Vertex also unlocks Mistral Vertex OCR (mistral_vertex OCR mode), which uses the same GCP service account.

7.1 Create a GCP project

  1. Open Google Cloud Console.
  2. Create a project (note the Project ID).
  3. Enable billing on the project.

7.2 Enable APIs

In APIs & Services → Enable APIs, enable:

  • Vertex AI API (aiplatform.googleapis.com)

For Mistral Vertex OCR only, no extra publisher API is required beyond Vertex AI and Cloud Platform scope.

7.3 Create a service account

  1. IAM & Admin → Service Accounts → Create.
  2. Name example: docrouter-vertex.
  3. Grant roles (minimum practical set):
    • Vertex AI User (roles/aiplatform.user)
  4. Create a JSON key and download it securely.

7.4 Configure DocRouter

Option A — Admin UI

  1. Account → Development → GCP setup (/settings/account/development/gcp-config).
  2. Paste the full service account JSON.
  3. Save.

Option B — Environment (legacy / automation)

Some deployments set GOOGLE_APPLICATION_CREDENTIALS to a JSON file path on the server. The primary supported path for on-prem is the GCP setup UI, which stores encrypted JSON in cloud_config (type: "gcp").

Optional — region

Set in .env:

VERTEX_AI_LOCATION=global

Default is global. LiteLLM uses this as vertex_location with vertex_project from the service account project_id. For Mistral Vertex OCR, the Mistral endpoint is fixed to us-central1 in code.

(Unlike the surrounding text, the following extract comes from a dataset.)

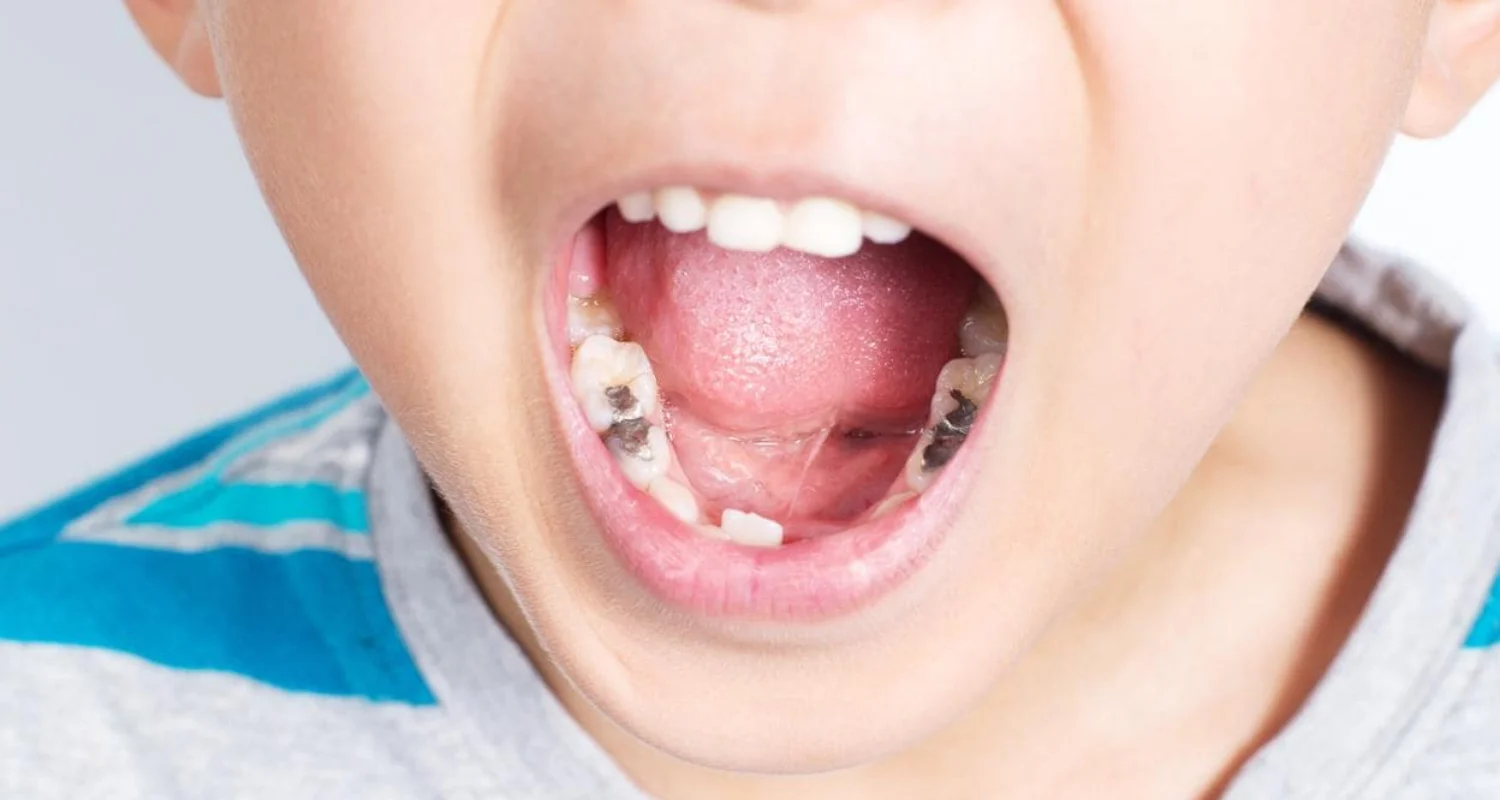 2 - ¿Qué es la caries infantil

7.5 Enable Vertex models in LLM Manager

  1. Account → Development → LLM Manager → Google Vertex AI.
  2. Enable the provider.
  3. Enable models, for example:
    • vertex_ai/gemini-2.5-flash — strong quality/latency balance for extraction
    • vertex_ai/gemini-3.1-flash-lite-preview — newer flash tier
    • vertex_ai/gemini-embedding-001 — embeddings for knowledge bases
  4. Run Test on vertex_ai/gemini-2.5-flash.

Gemini API vs Vertex AI

  Gemini API (GEMINI_API_KEY) Vertex AI (GCP service account)
Setup API key from Google AI Studio GCP project + service account JSON
Model prefix gemini/gemini-3-flash-preview vertex_ai/gemini-2.5-flash
Best for Quick start, dev Enterprise GCP, Mistral Vertex OCR
DocRouter UI LLM Manager → Gemini GCP setup + LLM Manager → Vertex AI

For the best quality/performance combo on Vertex, start with vertex_ai/gemini-2.5-flash; move to vertex_ai/gemini-3.1-flash-lite-preview when you want the newest flash generation.


Step 8 — End-to-end checklist after AWS account creation

Use this ordered checklist for a typical on-prem deployment.

AWS

  • Create S3 bucket (encrypted, private, correct region)
  • Create IAM role {prefix}-app-role with Textract, SES, and S3 bucket access
  • Create IAM user {prefix}-app-user with access key
  • Grant user sts:AssumeRole on the role
  • Grant user bedrock:InvokeModel if using Bedrock
  • (Optional) Verify SES sender and set SES_FROM_EMAIL
  • (Optional) Enable Bedrock foundation models in the console
  • Put AWS_ACCESS_KEY_ID, AWS_SECRET_ACCESS_KEY, AWS_S3_BUCKET_NAME in .env or AWS setup UI

Application platform

  • Provision server or containers (see Open Source for Docker Compose and Helm)
  • Install MongoDB and set MONGODB_URI
  • Set ADMIN_EMAIL, ADMIN_PASSWORD, NEXTAUTH_SECRET, NEXTAUTH_URL
  • Deploy frontend, backend, worker, and reverse proxy (nginx)
  • Confirm migrations ran and admin can log in

LLM

  • Add API keys via .env or LLM Manager (OpenAI, Mistral, etc.)
  • Enable chosen models per organization prompts and flows
  • (Optional) Enable Bedrock provider after AWS + model access
  • (Optional) Complete GCP Vertex setup and enable vertex_ai/gemini-2.5-flash

Validation

  • Upload a PDF; confirm Textract OCR completes
  • Run a prompt against your chosen flash model
  • (Optional) Send a test email if using SES
  • (Optional) Test Bedrock or Vertex from LLM Manager

Credential storage reference

Credential Storage Admin UI
AWS keys + bucket cloud_config type: "aws" Account → Development → AWS setup
GCP service account cloud_config type: "gcp" Account → Development → GCP setup
Azure Foundry SP cloud_config type: "azure" Account → Development → Azure setup
OpenAI, Mistral, etc. llm_providers.token (encrypted) Account → Development → LLM Manager

The canonical IAM and S3 layout lives in the analytiq-terraform GitHub sandbox:

When in doubt, clone the sandbox, run terraform apply from applications/docrouter, and use the outputs in DocRouter .env.